A brown marmorated stink bug
If you were hoping that this winter's freezing temperatures had sent the hated stink bugs packing, you are out of luck. Turns out, they have the good sense to come in from the cold.
"I would be nice to think that winter killed them," said Stanton Gill of the University of Maryland Extension, where he specializes in integrated pest management. "But I doubt it. They are good at finding places to hunker down."
While one researcher recently found that nearly 98 percent of brown marmorated stink bugs died in the cold outside his lab, other experts expect to find no more than a 50 percent death rate over the winter. That is more than the normal 25 percent rate, but it won't rid the Mid-Atlantic of these annoying and destructive pests. They most likely snoozed through winter in warm spaces — like inside your house.

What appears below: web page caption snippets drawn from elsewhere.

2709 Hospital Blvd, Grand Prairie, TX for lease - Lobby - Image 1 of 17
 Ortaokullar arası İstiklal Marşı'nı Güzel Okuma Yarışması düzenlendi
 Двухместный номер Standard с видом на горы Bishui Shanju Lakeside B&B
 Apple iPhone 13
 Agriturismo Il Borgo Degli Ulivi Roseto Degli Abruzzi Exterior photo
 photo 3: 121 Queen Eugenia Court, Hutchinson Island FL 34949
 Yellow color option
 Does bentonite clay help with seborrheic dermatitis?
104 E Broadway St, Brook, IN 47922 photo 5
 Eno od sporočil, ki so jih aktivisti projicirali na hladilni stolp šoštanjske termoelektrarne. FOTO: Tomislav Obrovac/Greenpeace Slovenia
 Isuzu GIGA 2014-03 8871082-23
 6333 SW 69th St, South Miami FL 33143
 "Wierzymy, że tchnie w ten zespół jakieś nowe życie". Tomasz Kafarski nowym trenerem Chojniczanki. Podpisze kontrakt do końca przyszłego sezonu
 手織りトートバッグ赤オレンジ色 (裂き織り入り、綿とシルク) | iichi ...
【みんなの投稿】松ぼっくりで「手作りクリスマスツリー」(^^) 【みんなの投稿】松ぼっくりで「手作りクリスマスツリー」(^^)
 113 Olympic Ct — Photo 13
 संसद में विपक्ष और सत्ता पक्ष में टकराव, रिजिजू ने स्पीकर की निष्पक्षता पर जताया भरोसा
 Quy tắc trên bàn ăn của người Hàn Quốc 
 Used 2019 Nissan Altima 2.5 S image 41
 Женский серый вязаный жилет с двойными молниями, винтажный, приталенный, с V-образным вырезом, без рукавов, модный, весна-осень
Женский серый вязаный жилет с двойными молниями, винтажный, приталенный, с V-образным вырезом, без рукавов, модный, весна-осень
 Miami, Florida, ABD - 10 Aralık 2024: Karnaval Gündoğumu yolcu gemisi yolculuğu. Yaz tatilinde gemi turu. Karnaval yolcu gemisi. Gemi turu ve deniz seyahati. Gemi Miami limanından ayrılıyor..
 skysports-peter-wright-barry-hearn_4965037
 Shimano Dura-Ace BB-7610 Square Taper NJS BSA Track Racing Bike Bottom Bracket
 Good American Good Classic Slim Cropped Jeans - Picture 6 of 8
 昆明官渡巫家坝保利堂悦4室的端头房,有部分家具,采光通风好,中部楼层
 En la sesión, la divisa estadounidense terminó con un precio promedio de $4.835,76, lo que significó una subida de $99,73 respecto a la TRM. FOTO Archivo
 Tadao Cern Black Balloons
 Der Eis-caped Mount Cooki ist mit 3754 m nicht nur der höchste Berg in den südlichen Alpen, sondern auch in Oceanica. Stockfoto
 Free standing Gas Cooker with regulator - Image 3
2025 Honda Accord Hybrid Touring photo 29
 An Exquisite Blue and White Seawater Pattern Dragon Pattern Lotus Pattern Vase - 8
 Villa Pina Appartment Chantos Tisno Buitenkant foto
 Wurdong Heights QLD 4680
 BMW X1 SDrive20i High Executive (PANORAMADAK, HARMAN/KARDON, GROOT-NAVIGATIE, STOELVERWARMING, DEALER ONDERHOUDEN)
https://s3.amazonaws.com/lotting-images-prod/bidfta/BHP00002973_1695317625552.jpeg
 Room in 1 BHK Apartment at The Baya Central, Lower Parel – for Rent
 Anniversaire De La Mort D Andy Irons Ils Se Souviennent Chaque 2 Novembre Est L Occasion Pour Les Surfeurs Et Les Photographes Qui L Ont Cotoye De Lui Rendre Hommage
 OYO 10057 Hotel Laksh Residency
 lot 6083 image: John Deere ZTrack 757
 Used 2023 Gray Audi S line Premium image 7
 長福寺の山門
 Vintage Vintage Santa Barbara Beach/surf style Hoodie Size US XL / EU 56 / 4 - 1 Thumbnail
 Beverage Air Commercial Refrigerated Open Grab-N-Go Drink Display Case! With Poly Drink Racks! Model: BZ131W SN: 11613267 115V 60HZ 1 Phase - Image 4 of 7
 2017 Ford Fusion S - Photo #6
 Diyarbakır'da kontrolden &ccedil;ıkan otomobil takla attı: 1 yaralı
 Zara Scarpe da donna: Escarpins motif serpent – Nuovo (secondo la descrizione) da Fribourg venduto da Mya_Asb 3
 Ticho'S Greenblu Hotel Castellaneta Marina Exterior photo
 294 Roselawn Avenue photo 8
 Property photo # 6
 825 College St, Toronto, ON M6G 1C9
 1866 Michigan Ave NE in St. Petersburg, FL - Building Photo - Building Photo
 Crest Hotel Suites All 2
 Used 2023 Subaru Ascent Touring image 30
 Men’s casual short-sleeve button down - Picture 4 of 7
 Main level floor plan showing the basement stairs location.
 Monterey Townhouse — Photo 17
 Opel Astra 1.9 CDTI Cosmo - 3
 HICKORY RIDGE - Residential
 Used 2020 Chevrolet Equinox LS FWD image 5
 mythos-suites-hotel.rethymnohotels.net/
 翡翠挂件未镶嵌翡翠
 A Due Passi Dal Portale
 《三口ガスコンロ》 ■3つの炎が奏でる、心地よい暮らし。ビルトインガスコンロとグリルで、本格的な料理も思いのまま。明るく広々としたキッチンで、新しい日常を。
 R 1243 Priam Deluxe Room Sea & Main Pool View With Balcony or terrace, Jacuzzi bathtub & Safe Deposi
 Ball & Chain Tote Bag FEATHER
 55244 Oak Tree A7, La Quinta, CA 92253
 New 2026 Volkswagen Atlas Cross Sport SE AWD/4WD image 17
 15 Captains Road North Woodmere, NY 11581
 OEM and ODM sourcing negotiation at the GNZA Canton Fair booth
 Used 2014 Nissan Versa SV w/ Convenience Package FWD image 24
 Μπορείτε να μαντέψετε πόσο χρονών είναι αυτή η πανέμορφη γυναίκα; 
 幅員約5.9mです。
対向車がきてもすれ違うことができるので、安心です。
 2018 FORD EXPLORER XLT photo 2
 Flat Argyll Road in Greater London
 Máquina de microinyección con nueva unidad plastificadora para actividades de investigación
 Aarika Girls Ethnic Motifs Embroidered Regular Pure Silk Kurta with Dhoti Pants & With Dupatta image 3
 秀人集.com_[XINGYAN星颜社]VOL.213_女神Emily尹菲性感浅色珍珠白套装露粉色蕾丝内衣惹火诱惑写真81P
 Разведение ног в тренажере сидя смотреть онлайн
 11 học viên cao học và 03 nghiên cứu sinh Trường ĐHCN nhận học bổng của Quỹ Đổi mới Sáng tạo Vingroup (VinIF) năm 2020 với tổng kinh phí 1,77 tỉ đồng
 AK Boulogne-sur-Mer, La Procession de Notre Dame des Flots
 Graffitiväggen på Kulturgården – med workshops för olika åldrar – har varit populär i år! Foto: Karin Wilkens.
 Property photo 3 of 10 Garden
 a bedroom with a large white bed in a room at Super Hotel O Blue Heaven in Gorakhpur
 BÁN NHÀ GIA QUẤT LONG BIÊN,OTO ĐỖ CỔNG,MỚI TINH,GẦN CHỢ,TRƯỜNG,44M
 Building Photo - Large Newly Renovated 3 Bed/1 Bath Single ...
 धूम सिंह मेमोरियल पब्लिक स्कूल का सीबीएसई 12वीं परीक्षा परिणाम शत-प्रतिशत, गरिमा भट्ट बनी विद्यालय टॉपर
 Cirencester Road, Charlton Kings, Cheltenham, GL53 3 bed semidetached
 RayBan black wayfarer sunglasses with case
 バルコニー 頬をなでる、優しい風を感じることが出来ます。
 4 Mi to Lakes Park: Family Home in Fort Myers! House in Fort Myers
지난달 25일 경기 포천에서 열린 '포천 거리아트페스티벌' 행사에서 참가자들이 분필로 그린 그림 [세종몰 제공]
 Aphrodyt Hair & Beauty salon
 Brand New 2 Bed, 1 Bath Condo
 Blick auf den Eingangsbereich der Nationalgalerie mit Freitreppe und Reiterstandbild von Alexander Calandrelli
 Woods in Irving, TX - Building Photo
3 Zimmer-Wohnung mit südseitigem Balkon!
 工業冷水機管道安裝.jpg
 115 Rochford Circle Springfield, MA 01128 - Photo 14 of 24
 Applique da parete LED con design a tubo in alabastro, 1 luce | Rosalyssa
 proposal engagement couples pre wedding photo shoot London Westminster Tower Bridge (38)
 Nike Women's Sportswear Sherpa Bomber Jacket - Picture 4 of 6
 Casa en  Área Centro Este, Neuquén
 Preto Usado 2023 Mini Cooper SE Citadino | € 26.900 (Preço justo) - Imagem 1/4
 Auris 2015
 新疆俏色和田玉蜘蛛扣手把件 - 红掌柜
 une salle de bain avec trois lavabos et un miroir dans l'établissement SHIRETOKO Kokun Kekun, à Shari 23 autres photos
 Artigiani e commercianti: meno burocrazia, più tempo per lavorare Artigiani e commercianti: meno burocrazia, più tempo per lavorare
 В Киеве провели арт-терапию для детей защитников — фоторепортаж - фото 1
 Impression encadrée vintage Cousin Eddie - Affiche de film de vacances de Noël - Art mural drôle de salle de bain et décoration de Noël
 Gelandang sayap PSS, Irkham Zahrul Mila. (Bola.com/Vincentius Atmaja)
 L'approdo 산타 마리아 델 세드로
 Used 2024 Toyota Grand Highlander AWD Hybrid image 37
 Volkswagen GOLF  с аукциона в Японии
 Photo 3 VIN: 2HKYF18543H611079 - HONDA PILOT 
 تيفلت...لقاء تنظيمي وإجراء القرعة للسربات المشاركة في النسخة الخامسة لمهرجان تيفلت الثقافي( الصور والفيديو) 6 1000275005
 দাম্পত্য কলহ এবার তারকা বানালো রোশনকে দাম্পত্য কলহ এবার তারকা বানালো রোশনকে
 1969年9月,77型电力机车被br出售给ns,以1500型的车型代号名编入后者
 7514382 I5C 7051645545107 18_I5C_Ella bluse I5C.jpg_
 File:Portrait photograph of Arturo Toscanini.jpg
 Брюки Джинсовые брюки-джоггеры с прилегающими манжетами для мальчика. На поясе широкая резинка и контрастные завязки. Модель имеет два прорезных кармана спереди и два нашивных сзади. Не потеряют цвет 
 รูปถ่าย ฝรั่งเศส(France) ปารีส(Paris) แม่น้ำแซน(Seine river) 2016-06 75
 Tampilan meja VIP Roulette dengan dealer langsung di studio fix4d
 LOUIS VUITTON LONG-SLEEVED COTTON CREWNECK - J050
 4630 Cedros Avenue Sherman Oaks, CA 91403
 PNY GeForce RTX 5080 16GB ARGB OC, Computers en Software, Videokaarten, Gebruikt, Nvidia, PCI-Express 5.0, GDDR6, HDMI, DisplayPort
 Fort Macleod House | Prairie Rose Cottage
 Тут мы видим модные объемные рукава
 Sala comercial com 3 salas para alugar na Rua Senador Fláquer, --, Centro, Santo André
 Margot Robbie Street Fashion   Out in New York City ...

Other insects may not have been as fortunate. That includes bad guys like the insect that attacks Christmas trees and good guys like the Asian lady bug beetle, which eats aphids.
Gill began getting calls last month from people complaining that the brown marmorated stink bug, an invasive species that damages crops and drives homeowners crazy, was emerging from its hiding places.
"When it got really cold, people were turning up their heat and warming the inner core of their houses," said Gill. The stink bugs were feeling the chill up there in the attic or in the rafters of the garage and migrated toward the heat, he said.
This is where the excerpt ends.